Mistakes in eLearning design are common, so how do you avoid them?

For many people, design is how a thing looks, but at its core, design is about problem-solving. Steve Jobs was obsessed with making beautiful products but he too was keen to make this distinction, famously proclaiming “design is how it works”.

At RedJamJar, we see clients make errors in eLearning design all the time. We can often implement impactful adjustments simply by considering the logic behind individual components and how each relates to the whole. The key is that small but important word design.

Design thinking

Design thinking focuses on the cognitive aspects of the design process.
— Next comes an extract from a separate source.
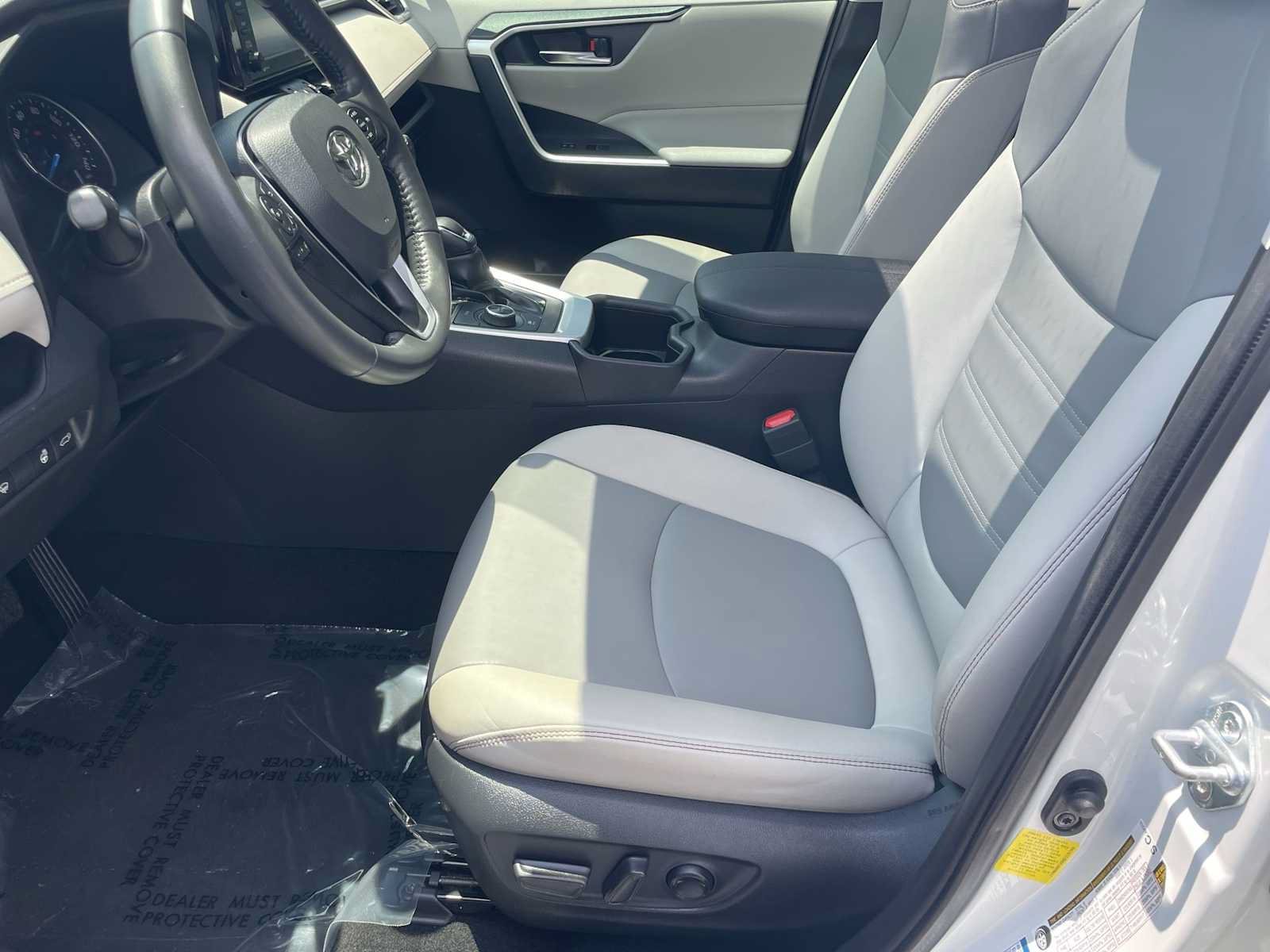 Used 2022 Toyota RAV4 XLE Premium AWD/4WD image 10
It’s a method for creative problem solving that aims to significantly improve outcomes. Importantly, design thinking prioritises how information might be most effectively received over the desires of the communicator. eLearning resources should therefore be founded on strong design thinking, which is why we’ve put together tips on how to use this approach to avoid mistakes in eLearning design.

RedJamJar presents…

6 mistakes to avoid in your eLearning design


1. Forgetting the target user

We all have favourite tools and systems, but your learners and their goals should always be in the forefront of your mind.
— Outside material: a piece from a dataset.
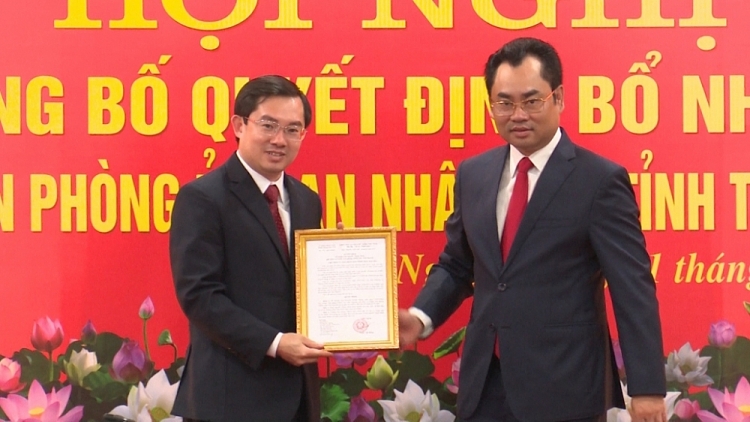 Ông Nguyễn Thành Minh nhận quyết định bổ nhiệm (Ảnh: Báo Thái Nguyên)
Every element of the course should serve those goals, not only the text, but the images, layout, and any other elements that comprise your modules. If you lose sight of the learning goals, you will create ineffective content. Develop a clear idea of the learner’s expectations and the information you need to convey in order to make that happen.

2. Misjudging the learner’s ability

Creating an eLearning course that doesn’t challenge learners is a common mistake.

American comedian Jerry Seinfeld once said writing a good joke is like attempting to leap a metaphorical canyon, taking the audience with him: if the sides are too far apart the audience won’t reach the other side, set too close and there’s no sense of achievement. The same applies to your eLearners. If they don’t feel as though they are being pushed beyond their boundaries and are gaining new insights  from the course, they won’t be motivated to learn.

Providing scenarios is a particularly good way of making learning topics relatable to learners and provides a narrative which conveys both the necessary skills and behaviours.

3. Overly long content

Learning modules should be ‘chunked’ into 2-minute sections.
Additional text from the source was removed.